Konsekuensi dari pengakuan negara Indonesia sebagai negara hukum, tentu memiliki 3 (tiga) prinsip dasar yang wajib dijunjung dan dihormati oleh setiap warga negara yaitu supremasi hukum, kesetaraan di hadapan hukum, dan penegakan hukum dengan cara-cara yang tidak bertentangan dengan hukum. Ketiga prinsip dasar tersebut memberikan harapan untuk mencapai tujuan ideal yakni terciptanya keadilan.  
Karena itu, penyelesaian kasus dugaan penistaan agama oleh Ahok melalui proses hukum demi tegaknya keadilan, tentu menarik untuk diulas dengan melihat dari dua perspektif, yakni adanya kemauan politik (politicall will) dari pemerintah dan penegak hukum, serta ekspektasi publik dalam penyelesaian kasus tersebut. Antara kemauan politik pemerintah dan penegakan hukum sangat berkorelasi positif dengan harapan-harapan publik yang menghendaki terwujudnya “rasa keadilan”. Karena itu, rasa keadilan ini harus diposisikan secara netral, dimana setiap orang memiliki kedudukan dan perlakuan hukum yang sama tanpa terkecuali.

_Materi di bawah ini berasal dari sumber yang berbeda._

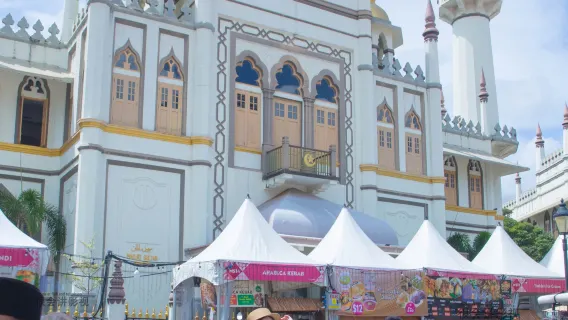 Fotografía de viajes en Bratislava, Eslovaquia[Conductor, director, fotógrafo de viajes, fotografía aérea + fotografía de bodas, microfilm + maquillaje y vestuario + servicio de coche privado con conductor personalizado]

Kemauan Politik dari Pemerintah dan Penegak Hukum
Sejak bergulirnya kasus dugaan penistaan agama yang dilakukan oleh Ahok, muncul berbagai persepsi negatif dan tudingan terhadap posisi Presiden sebagai Kepala Pemerintahan maupun terhadap Kapolri sebagai aparatur penegak hukum dalam penyelesaian kasus hukum dugaan penistaan agama oleh Ahok. Sebagian kalangan mengkritik bahwa Presiden atau Kapolri tidak memiliki kemauan politik untuk memproses dan menuntaskan kasus Ahok tersebut. Kendati, kiritik dan persepsi tersebut perlu diuji kebenarannya dengan berbagai indikator.

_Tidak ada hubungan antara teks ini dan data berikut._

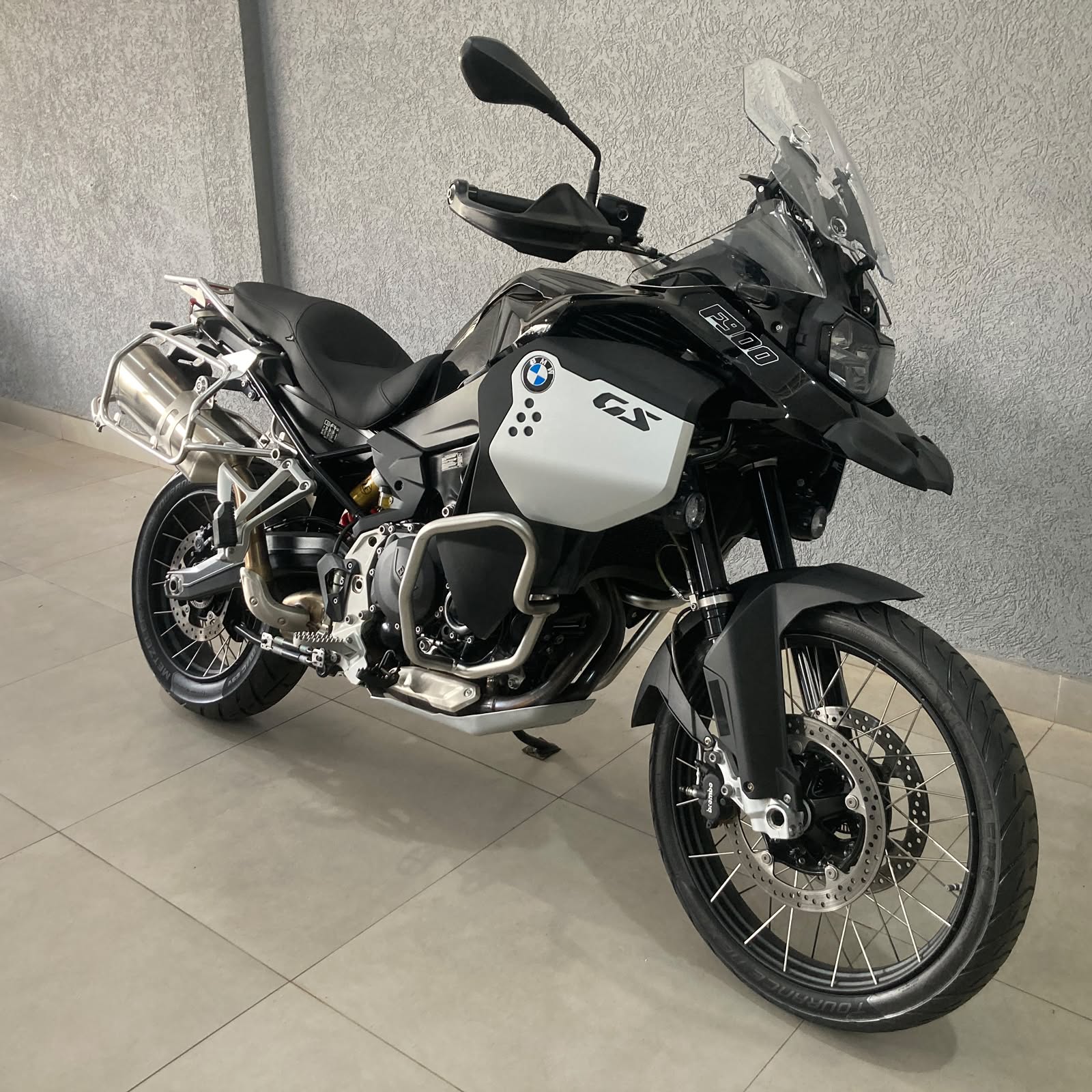 Foto 2 de BMW F-900 GS ADV 2024/2025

Salah satu indikator penting dalam penegakan supremasi hukum adalah menjadikan hukum sebagai panglima. Karena itu, upaya penyelesaian kasus Ahok melalui proses hukum adalah sebuah keharusan yang harus mendapat dukungan dari seluruh elemen bangsa, termasuk pemerintah dan aparatur penegak hukum. Adanya kemauan politik dari pemerintah dan aparatur penegak hukum dalam upaya penyelesaian kasus hukum Ahok, tentu dapat diukur dari langkah-langkah dan tindakan nyata yang telah dilakukan oleh Presiden RI, H Joko Widodo. Selain itu, beberapa indikator yang juga bisa dipergunakan untuk mengukur kemauan dan keseriusan pemerintah dalam penegakan hukum, yakni adanya inisiatif, skala prioritas dan mobilisasi dukungan publik.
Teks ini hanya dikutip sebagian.